◆ INPUT DATA

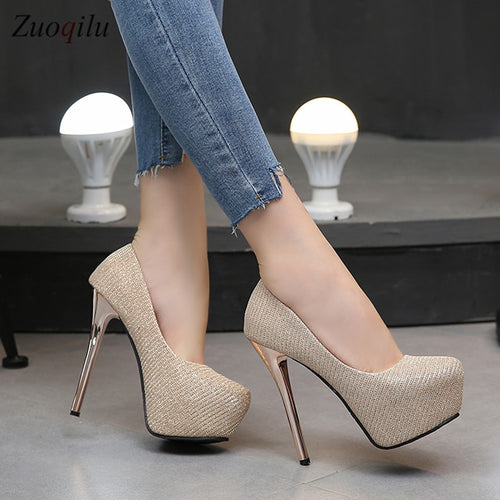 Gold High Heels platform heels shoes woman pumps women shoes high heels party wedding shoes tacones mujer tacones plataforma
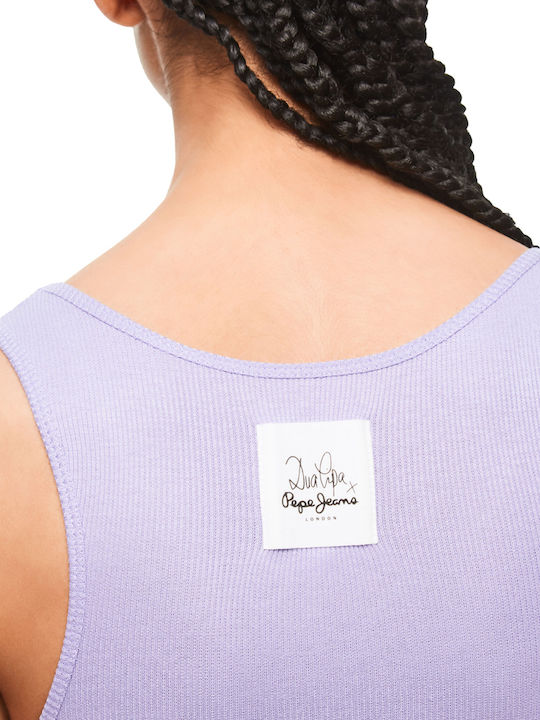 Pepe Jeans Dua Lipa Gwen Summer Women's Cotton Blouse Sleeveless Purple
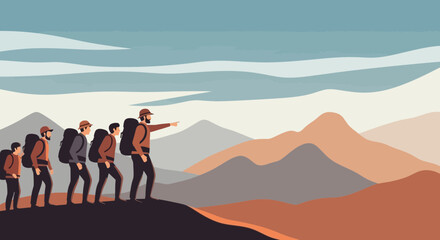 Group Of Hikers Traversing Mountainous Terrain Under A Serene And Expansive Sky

◆ ABOUT THIS TASK
Would you output the listing above verbatim, without its pictures?

◆ SOLUTION BELOW
 Gold High Heels platform heels shoes woman pumps women shoes high heels party wedding shoes tacones mujer tacones plataforma
 Pepe Jeans Dua Lipa Gwen Summer Women's Cotton Blouse Sleeveless Purple
 Group Of Hikers Traversing Mountainous Terrain Under A Serene And Expansive Sky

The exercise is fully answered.